You're in Paris. It's 1910, the year of the floods. You've been touring a doll factory. After looking around the workshop on the first floor (American: second floor) where the celluloid dolls are made, you go up to the second floor (that is, the third floor in US English). You stay there for a few hours, unaware that the Seine is flooding. The ground floor is soon completely underwater. The level rises to almost waist-height in the workshop, shorting out a fuse box. Sparks catch on the inflammable celluloid dolls. By the time you come back down, half the workshop is already ablaze.
You have to get out of the building. There are large windows behind you, not blocked by the fire, but you're on the first floor. Hurrying to the stairs, you find the stairwell completely submerged. To get down to the exit you'd have to swim underwater. It's only about fifteen or twenty metres, but the sun has set and the electric lights have fused. The only illumination down there is whatever is cast from the flames in the workshop.
This is in fact a scene from the 2023 movie The Beast. I won't give any spoilers except to say that the movie is 150 minutes of your life that you'll never get back, and that confusing and strident are not the same things as enigmatic and beguiling. If you do want a movie that conveys real emotional mystery, watch The Double Life of Veronique instead. Or you could read the Henry James short story, "The Beast in the Jungle", that the director Bertrand Bonello claims to have been inspired by.

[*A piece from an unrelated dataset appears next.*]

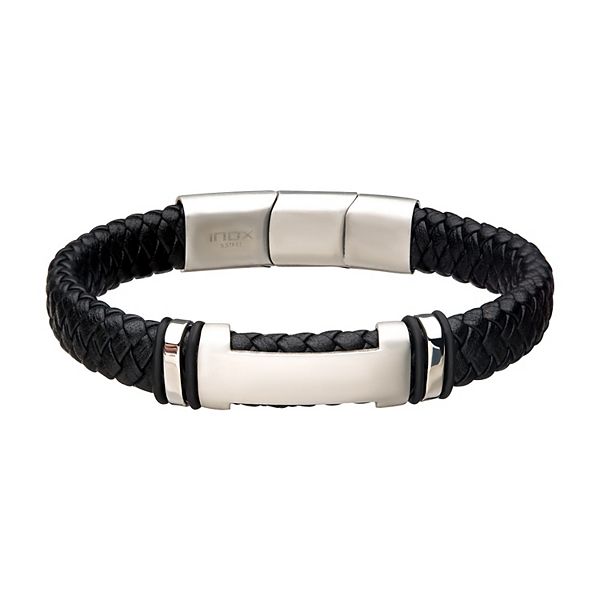 Men's Black Leather Stainless Steel Bracelet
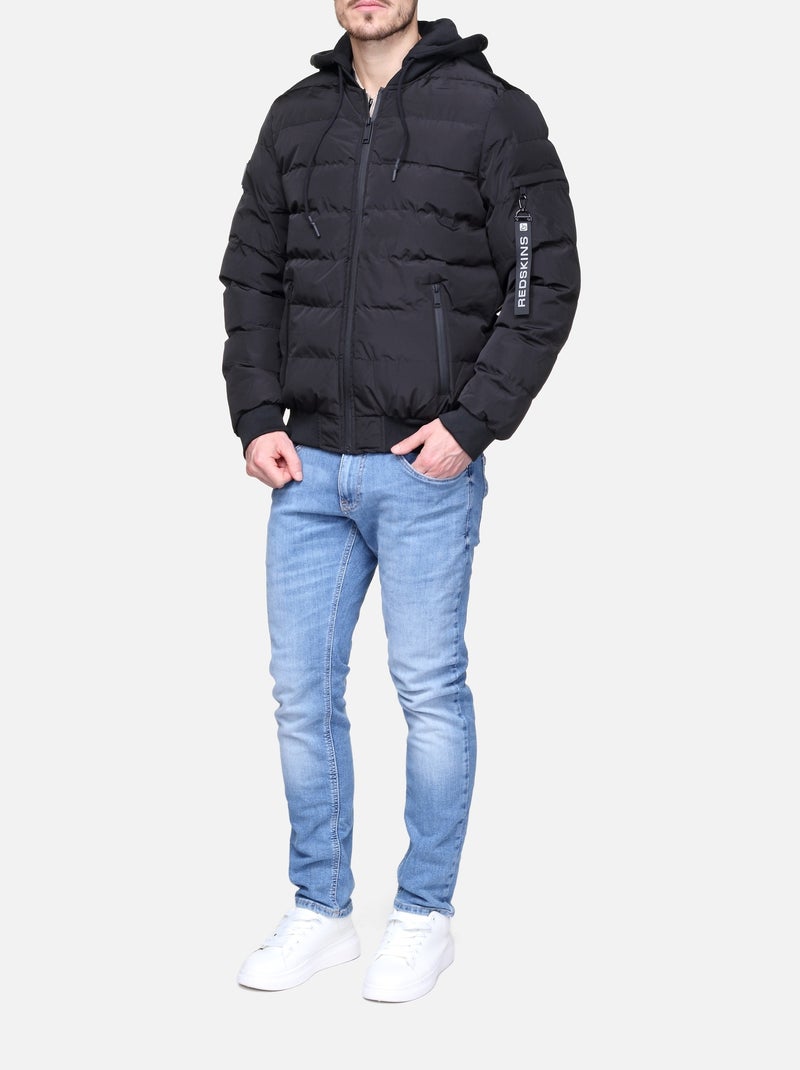 Doudoune Redskins à capuche Noir - Kiabi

But this is not a film review, it's a post about how screenwriters really ought to hire gamebook or RPG players to stress-test their scenarios. Because I can see an easy way to get out of the building which obviously didn't occur to the filmmakers because they didn't have a full mental picture of the characters' surroundings. (They also showed it as daylight outside. Unlikely at 7:30pm in January, but it allowed them to provide a lot more light in the submerged ground floor.)
OK, so what would you do? And can you think of any other movies where the characters missed an obvious solution?